→ PROVIDED MATERIAL:
++++++++++

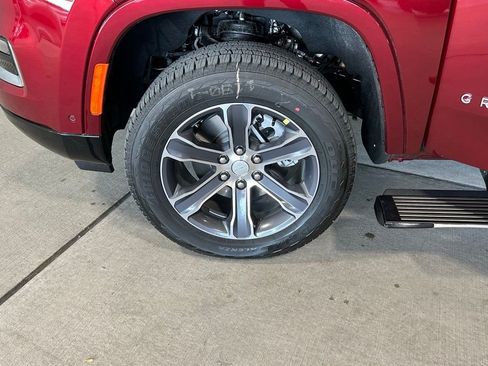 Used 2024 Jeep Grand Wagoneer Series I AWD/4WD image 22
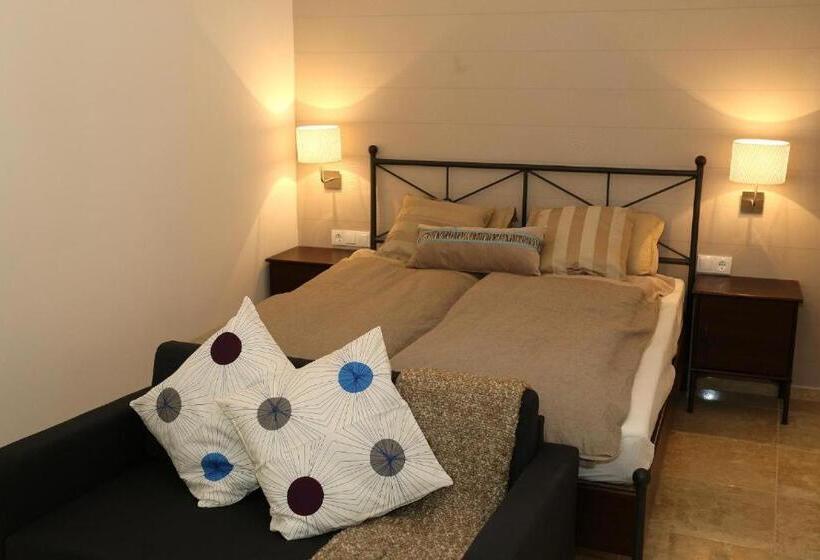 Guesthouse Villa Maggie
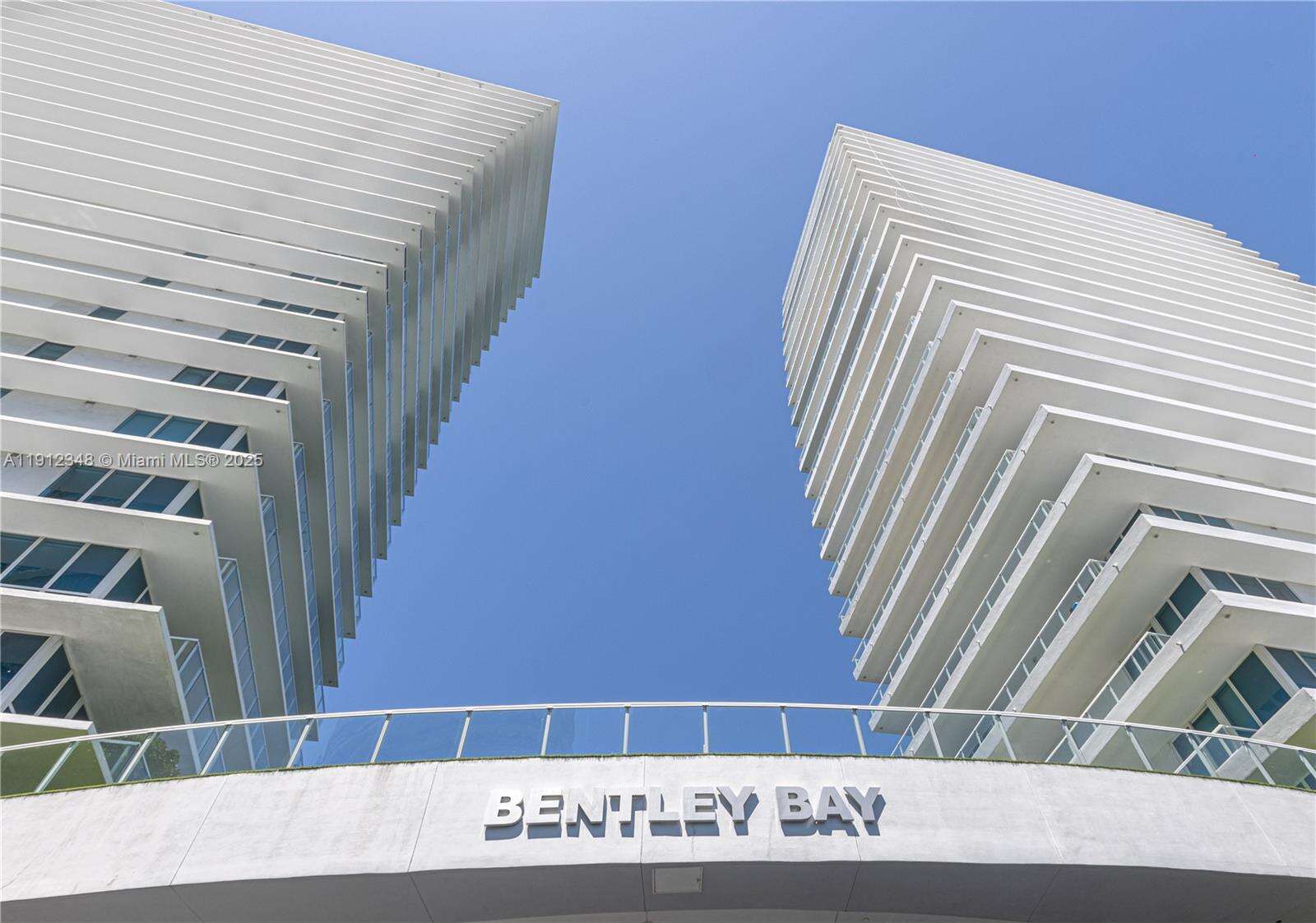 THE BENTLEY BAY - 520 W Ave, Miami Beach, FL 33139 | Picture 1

++++++++++

→ TASK ITEM: Leave the pictures out and return the rest of the listing exactly.

→ FINISHED TASK:
 Used 2024 Jeep Grand Wagoneer Series I AWD/4WD image 22
 Guesthouse Villa Maggie
 THE BENTLEY BAY - 520 W Ave, Miami Beach, FL 33139 | Picture 1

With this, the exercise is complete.